En él transporta nostalgia, orgullo y la esperanza de una vida mejor. Todo lo que posee cabe en una maleta y en el camino se va despojando de lo que creían esencial quedando en absoluta fragilidad. Es el hombre que él define "desfragmentado, desestabilizado y desorientado. Camina tanto hacia su salvación como hacia su perdición". Una de sus esculturas más apreciadas es la de Van Gogh, el pintor que también fue despojado de todo.
La parte ausente que deja en cada una de estas figuras-casi siempre parte del torso- es el fragmento que se queda cuando uno emprende el viaje y también la huella que va dejando en el camino. La partida y el desarraigo son su temática recurrente. 'Los Viajeros' fueron expuestos por primera vez en Marsella, en 2013, con motivo de su capitalidad europea de la cultura.
Desde esa fecha han recorrido China, Bélgica, Suiza, Argentina, Brasil, Estados Unidos y España, entre otros países. Cada escenario es una nueva oportunidad para el viajero, una petición de confianza al ciudadano. Estos cuerpos lacerados se incorporan al paisaje urbano y entablan con sus gentes un inquietante diálogo. La interpretación puede variar según el espacio, la luz, el punto desde el que se mira o la capacidad imaginativa del observador. Es difícil que deje indiferente.

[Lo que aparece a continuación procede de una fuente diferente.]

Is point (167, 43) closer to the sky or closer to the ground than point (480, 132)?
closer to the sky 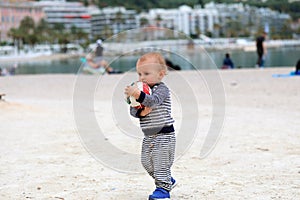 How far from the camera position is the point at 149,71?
4.02 meters

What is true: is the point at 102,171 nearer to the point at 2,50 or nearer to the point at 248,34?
the point at 2,50

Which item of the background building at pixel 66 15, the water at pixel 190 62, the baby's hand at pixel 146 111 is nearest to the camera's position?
the baby's hand at pixel 146 111

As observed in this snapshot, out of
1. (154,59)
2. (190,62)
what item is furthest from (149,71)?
(190,62)

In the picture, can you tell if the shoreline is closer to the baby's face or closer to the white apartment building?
the white apartment building

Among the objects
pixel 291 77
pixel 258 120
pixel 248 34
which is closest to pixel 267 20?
pixel 248 34

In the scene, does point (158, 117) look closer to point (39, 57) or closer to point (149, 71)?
point (149, 71)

De cada pieza Catalano realiza ocho copias y cuatro pruebas, aunque cada una acaba siendo diferente. 'Los Viajeros' están repartidos por todo el mundo y forman parte de las colecciones privadas más prestigiosas. Van vestidos, calzan mocasines y llevan relojes en las muñecas. Por eso es más fácil reconocerse en cualquiera de ellos.

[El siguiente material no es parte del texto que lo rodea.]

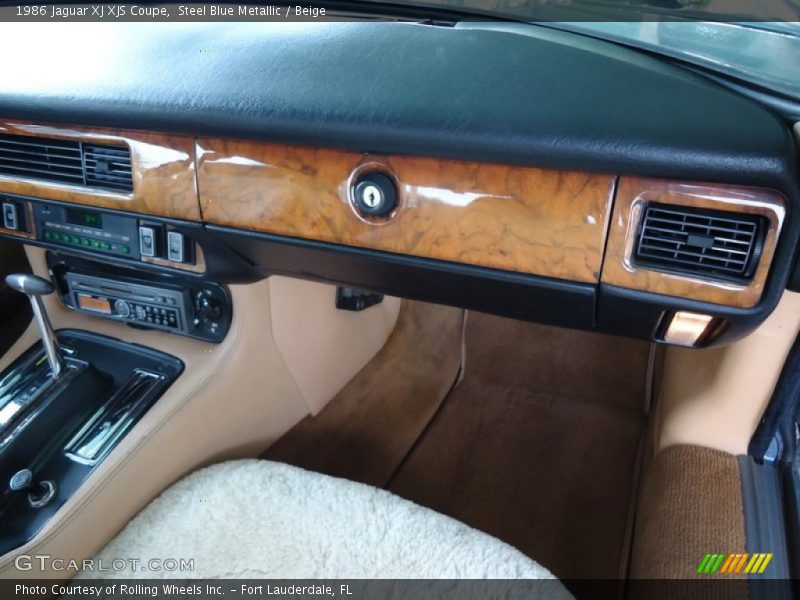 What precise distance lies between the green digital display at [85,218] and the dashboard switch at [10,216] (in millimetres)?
132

La obra cobra especial significado ahora que asistimos a una de las mayores crisis migratorias de las últimas décadas. Casi cinco millones de ucranianos han salido del país desde que empezó la invasión rusa. En el personaje inacabado se advierte la pérdida de identidad cultural, el desarraigo, el dolor. El crítico de arte italiano Enzo Di Martino dice que de ellos emana "una especie de identificación entre la vida humana y el viaje". El regreso sería, en su opinión, la verdadera meta.